::: ENTRIES SUPPLIED

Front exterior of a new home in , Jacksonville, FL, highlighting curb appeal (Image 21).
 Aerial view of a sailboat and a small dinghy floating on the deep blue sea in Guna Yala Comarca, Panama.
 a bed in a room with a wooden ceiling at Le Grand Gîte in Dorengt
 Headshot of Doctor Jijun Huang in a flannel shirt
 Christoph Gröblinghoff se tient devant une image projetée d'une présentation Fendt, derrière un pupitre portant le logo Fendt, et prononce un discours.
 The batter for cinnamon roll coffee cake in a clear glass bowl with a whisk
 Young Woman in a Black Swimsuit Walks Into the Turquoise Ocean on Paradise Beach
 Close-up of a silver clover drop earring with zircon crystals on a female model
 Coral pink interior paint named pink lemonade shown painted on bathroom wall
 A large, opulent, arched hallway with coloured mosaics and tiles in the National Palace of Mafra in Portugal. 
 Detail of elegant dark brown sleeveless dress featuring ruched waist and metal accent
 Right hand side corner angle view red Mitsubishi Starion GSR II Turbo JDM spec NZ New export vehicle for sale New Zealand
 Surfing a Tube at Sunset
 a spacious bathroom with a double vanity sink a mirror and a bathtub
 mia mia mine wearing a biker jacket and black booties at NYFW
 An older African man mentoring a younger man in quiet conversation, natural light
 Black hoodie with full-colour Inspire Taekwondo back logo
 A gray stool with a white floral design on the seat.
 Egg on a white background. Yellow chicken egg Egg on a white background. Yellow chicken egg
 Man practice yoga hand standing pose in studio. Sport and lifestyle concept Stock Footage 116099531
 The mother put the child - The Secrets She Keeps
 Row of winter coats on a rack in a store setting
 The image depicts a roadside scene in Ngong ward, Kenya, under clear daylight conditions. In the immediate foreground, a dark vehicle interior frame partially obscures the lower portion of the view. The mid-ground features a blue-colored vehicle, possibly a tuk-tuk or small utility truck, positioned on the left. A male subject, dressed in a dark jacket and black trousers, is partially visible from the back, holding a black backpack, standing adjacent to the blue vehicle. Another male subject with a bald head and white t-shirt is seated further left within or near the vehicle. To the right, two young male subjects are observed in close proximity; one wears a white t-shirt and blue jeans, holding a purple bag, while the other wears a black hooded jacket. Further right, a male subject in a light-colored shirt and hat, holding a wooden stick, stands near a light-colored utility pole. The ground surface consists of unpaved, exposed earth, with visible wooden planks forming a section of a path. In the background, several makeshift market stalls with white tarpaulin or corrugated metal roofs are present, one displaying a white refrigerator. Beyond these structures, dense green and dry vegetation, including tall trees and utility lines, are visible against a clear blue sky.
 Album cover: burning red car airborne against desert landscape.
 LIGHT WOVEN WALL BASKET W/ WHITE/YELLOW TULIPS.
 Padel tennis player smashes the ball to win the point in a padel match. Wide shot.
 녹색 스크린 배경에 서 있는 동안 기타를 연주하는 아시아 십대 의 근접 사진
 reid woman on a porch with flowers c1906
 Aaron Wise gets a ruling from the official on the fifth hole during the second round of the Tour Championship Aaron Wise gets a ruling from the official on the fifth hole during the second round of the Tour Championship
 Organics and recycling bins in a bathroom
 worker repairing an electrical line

::::::

What are the lines, exactly as written above, from the line with "Detail of elegant" to the line with "Row of winter", both included? Output only those.

 Detail of elegant dark brown sleeveless dress featuring ruched waist and metal accent
 Right hand side corner angle view red Mitsubishi Starion GSR II Turbo JDM spec NZ New export vehicle for sale New Zealand
 Surfing a Tube at Sunset
 a spacious bathroom with a double vanity sink a mirror and a bathtub
 mia mia mine wearing a biker jacket and black booties at NYFW
 An older African man mentoring a younger man in quiet conversation, natural light
 Black hoodie with full-colour Inspire Taekwondo back logo
 A gray stool with a white floral design on the seat.
 Egg on a white background. Yellow chicken egg Egg on a white background. Yellow chicken egg
 Man practice yoga hand standing pose in studio. Sport and lifestyle concept Stock Footage 116099531
 The mother put the child - The Secrets She Keeps
 Row of winter coats on a rack in a store setting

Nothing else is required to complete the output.